Cedar clippings, huge bags of laurel hedge trimmings, fruit tree branches, palm leaves, Jerusalem artichoke stalks, sunflower stems, full paper yard waste bags of grass, leaves, random clippings that I tossed in whole.

I didn’t shred anything, I didn't layer, I didn't turn it. Just stacked bricks in a circle about 33 inches across, filled as I went, and whenever it got full I added another couple rows of bricks and kept going. Started in 2022 and kept adding through 2023.

The towers also doubled as a privacy screen from my neighbour, and adds some architectural interest in winter.

Anyway, I finally started taking one apart and I’m honestly shocked at how gorgeous this compost is.

I’m just pulling the bricks off row by row and scooping it out by hand into 5 gallon buckets, no sifting really needed.

So far I’ve pulled about 15 buckets of compost and have less than a bucket of sticks.
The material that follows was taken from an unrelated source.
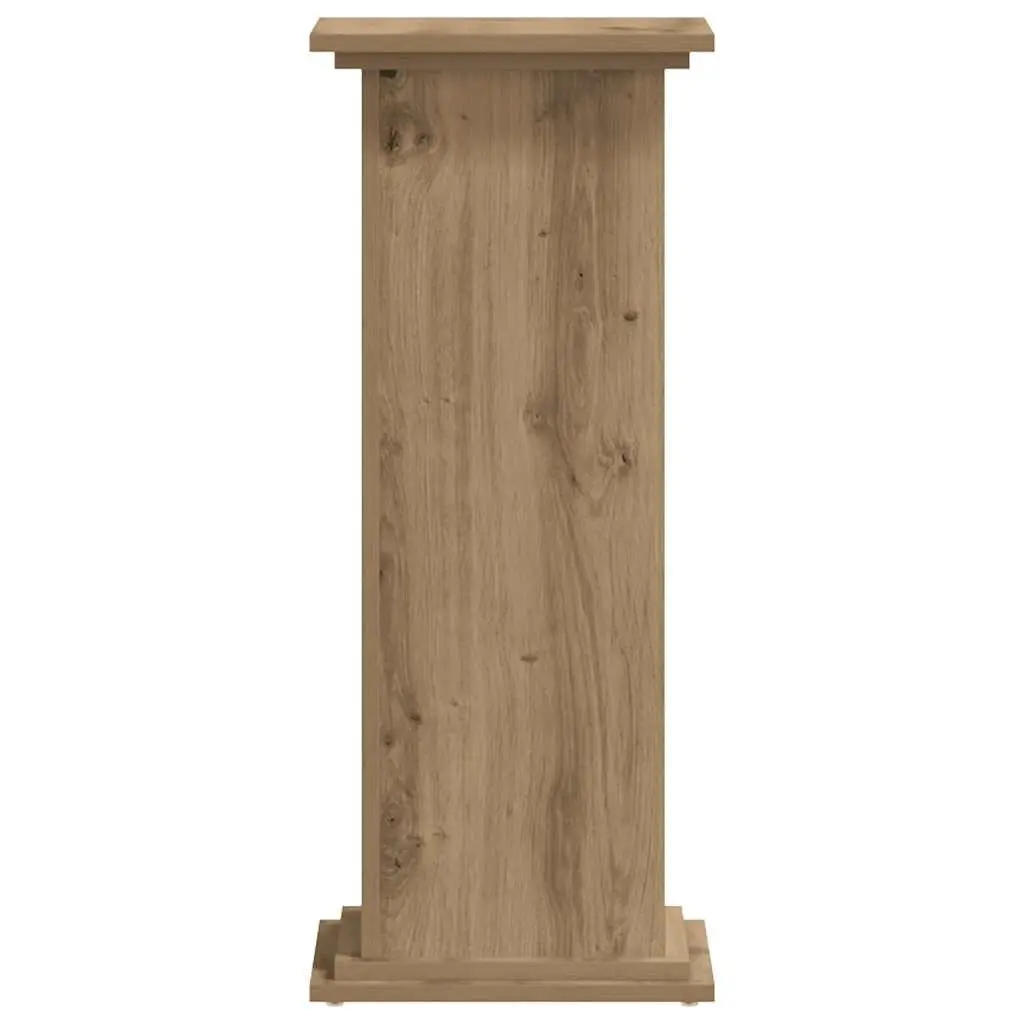 Tall Indoor Plant Stand Brown Engineered Wood 80cm x 33cm x 33cm Display for Flower Pots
And even those are mostly soft enough to crumble or snap. I’ll just throw them back into the next pile.

The texture is unreal. Super fine, fluffy, loose, and smells amazing. Lots of fungal activity from all the wood. Even the thicker stuff like bamboo has darkened and softened a lot. It’s still there, but it snaps easily now so it’s going back in for round two.

For scale, the material in this bin had settled to about 4 and a half feet tall. At 33 inches diameter that works out to roughly 800 litres, or about 210 gallons of compost. I haven't started unstacking the second bin, so I'm not sure how much that one has settled.
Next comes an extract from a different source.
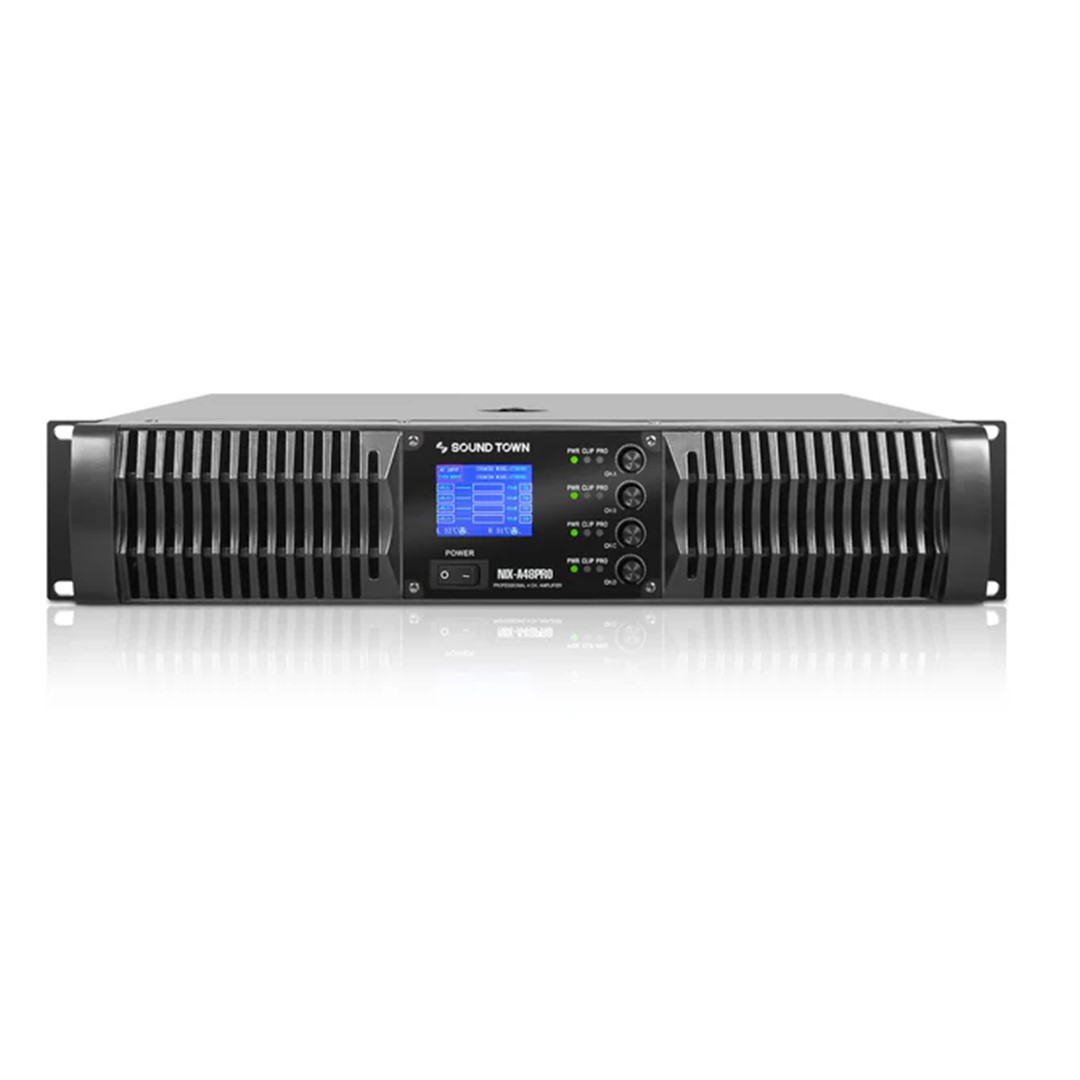 Sound TOWN NIX-A48PRO 4-Channel RACK-Mountable Amplifier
I’ve already topped one garden bed with a few inches of it (no dig, tomatoes going in there this year) and it looks incredible.
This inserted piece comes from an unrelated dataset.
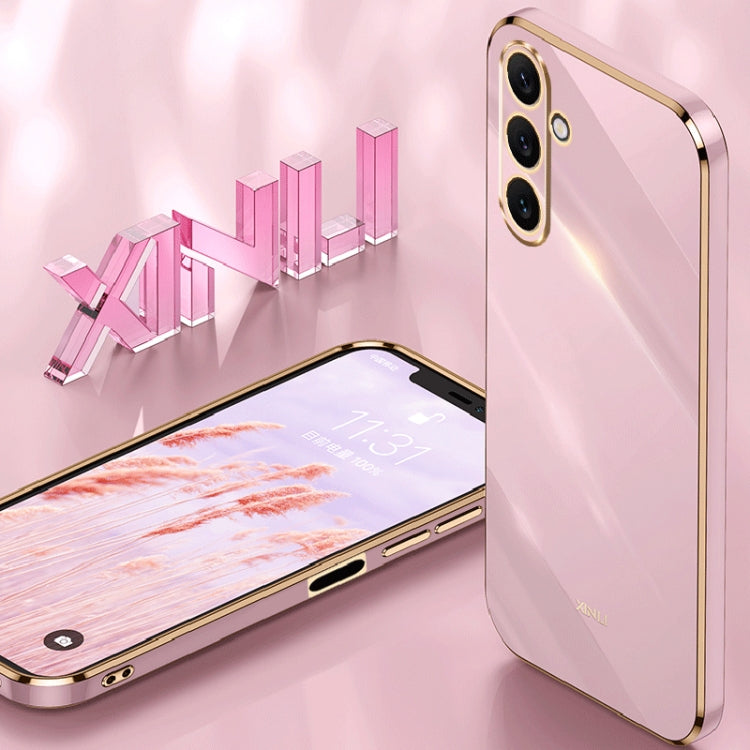 For Samsung Galaxy A24 4G XINLI Straight Edge 6D Electroplate TPU Phone Case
This was almost a zero effort system. I just dumped stuff in and ignored it. No turning, no chopping, no balancing greens and browns beyond whatever happened naturally. I really throught it would still be super rough and not broken down.

Even stacking the bricks was low effort, as I stacked as I went. Ditto for harvesting, I've harvested some, and I'm just unstacking slowly as I go. If I wanted to stop where I am, I could easily plant squash or tomatoes in the base of the tower, using it as a raised bed for a season.

When I finish emptying this one I’m just going to restack the bricks and start again. I used the base ring from a Dalek style composter as a guide to get the circle right, then just built up from there.

I really didn't expect such fine compost, I feel like I won the lottery, just as I was stressing about my hot compost taking too long and not having compost for spring planting. What a nice surprise.

by Clover_Point

9 Comments

  1. botulinumtxn

    Compost really is that easy honestly. You can make it as easy as you want. I’m not sure I’d like your design but if it works for you that’s all that matters. The Final result looks great though!

  2. Exciting_Ad1274

    Prob holds heat and lets air in pretty good

  3. Occufood

    Well damn! I know what I’m doing with my unused bricks!

  4. angus_the_red

    Awesome idea to use up spare bricks you have laying around.  

  5. somniopus

    My best compost always came from these sorts of piles. I didn’t even bother containing my last one since the yard was private enough I didn’t gaf lol

    It’s so satisfying!

  6. pauvenpatchwork

    Do you think you will assess your next compost tower after a shorter interval, like 6-12 months? Curious how fast this breaks down

  7. wettale1234

    Wish I had unused bricks laying around because I would do this in a heart beat

  8. platoprime

    That is gorgeous! Not that there’s anything wrong with a compost pile on the ground or surrounded by pallets but this looks real nice.